Please repeat the lines below exactly. Begin with the line containing "Trolls coloring pages free pdf printables" and go on through the line containing "Faux Leather Pouf".

— Given information —
■ ■ ■ ■

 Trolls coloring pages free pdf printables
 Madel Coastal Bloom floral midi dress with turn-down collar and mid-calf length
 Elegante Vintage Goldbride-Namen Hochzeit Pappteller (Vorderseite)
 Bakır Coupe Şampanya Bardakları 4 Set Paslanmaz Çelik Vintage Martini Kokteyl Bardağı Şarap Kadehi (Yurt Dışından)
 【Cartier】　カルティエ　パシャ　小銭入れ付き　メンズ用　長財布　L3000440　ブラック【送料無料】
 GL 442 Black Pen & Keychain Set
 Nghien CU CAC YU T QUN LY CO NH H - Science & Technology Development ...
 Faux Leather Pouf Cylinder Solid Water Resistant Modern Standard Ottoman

■ ■ ■ ■

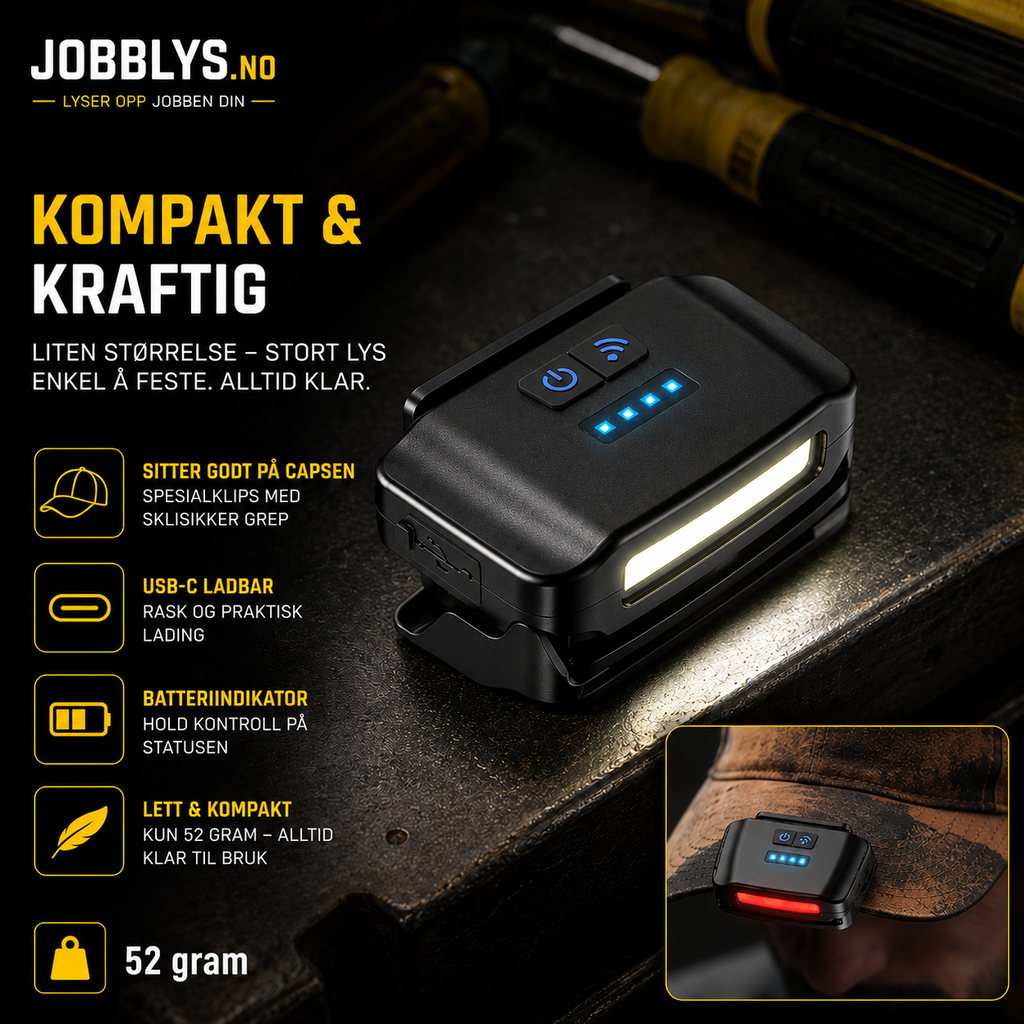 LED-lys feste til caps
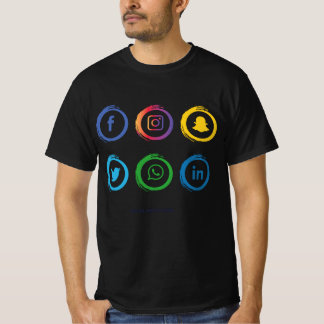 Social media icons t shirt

■ ■ ■ ■

— Exercise response —
 Trolls coloring pages free pdf printables
 Madel Coastal Bloom floral midi dress with turn-down collar and mid-calf length
 Elegante Vintage Goldbride-Namen Hochzeit Pappteller (Vorderseite)
 Bakır Coupe Şampanya Bardakları 4 Set Paslanmaz Çelik Vintage Martini Kokteyl Bardağı Şarap Kadehi (Yurt Dışından)
 【Cartier】　カルティエ　パシャ　小銭入れ付き　メンズ用　長財布　L3000440　ブラック【送料無料】
 GL 442 Black Pen & Keychain Set
 Nghien CU CAC YU T QUN LY CO NH H - Science & Technology Development ...
 Faux Leather Pouf Cylinder Solid Water Resistant Modern Standard Ottoman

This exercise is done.